BEGIN Task input
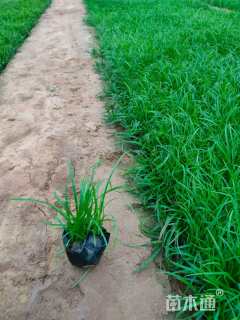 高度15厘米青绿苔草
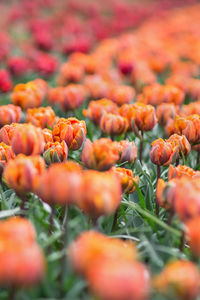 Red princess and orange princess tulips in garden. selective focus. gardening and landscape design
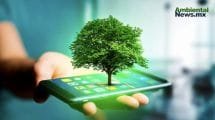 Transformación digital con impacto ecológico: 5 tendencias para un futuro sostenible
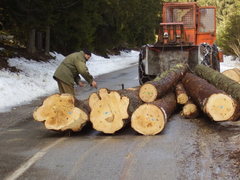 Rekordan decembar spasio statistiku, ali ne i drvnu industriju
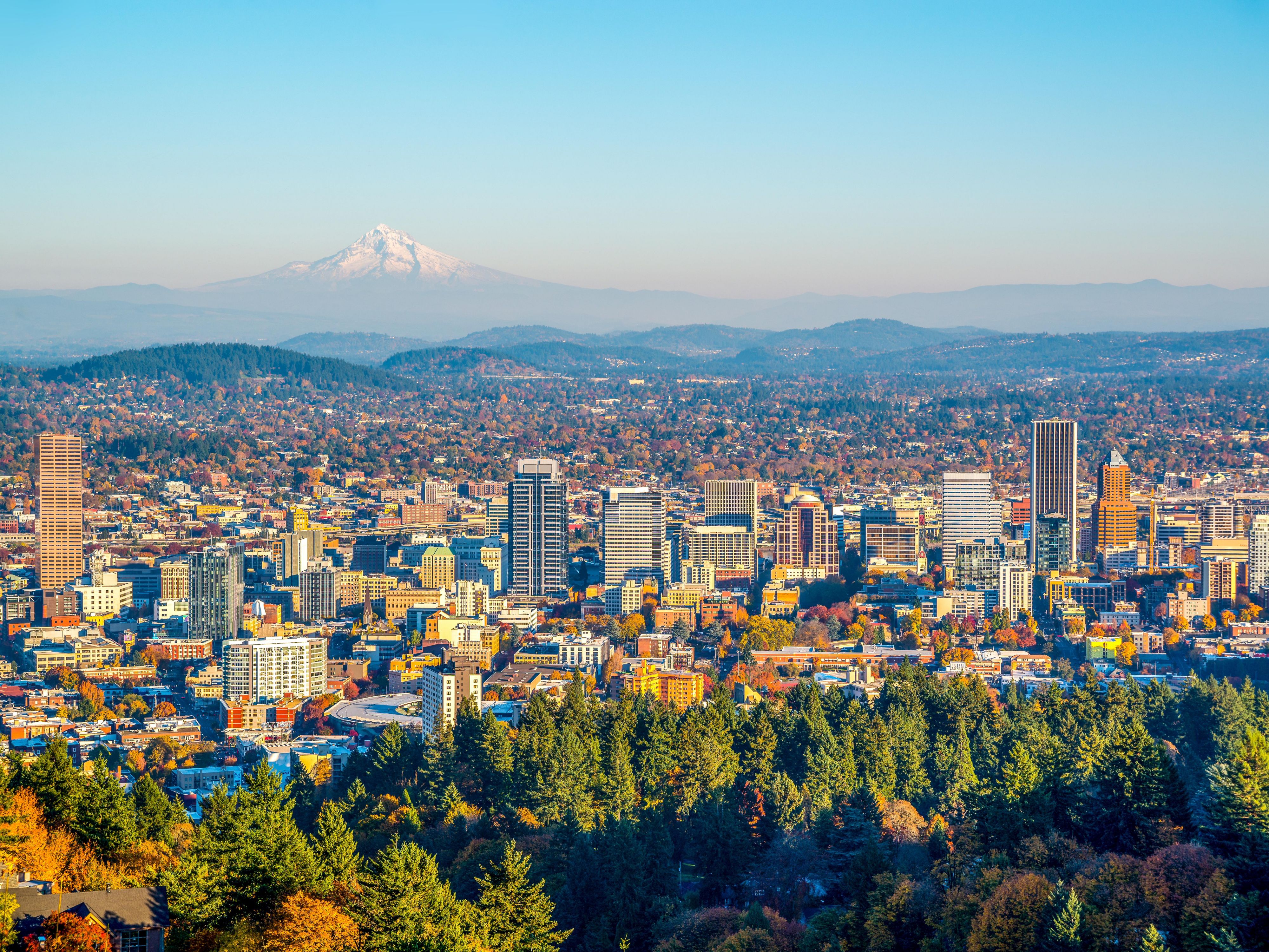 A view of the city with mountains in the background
END Task input
Problem to work on: For each record above, write it out exactly and omit any picture.

Answer for this exercise:
 高度15厘米青绿苔草
 Red princess and orange princess tulips in garden. selective focus. gardening and landscape design
 Transformación digital con impacto ecológico: 5 tendencias para un futuro sostenible
 Rekordan decembar spasio statistiku, ali ne i drvnu industriju
 A view of the city with mountains in the background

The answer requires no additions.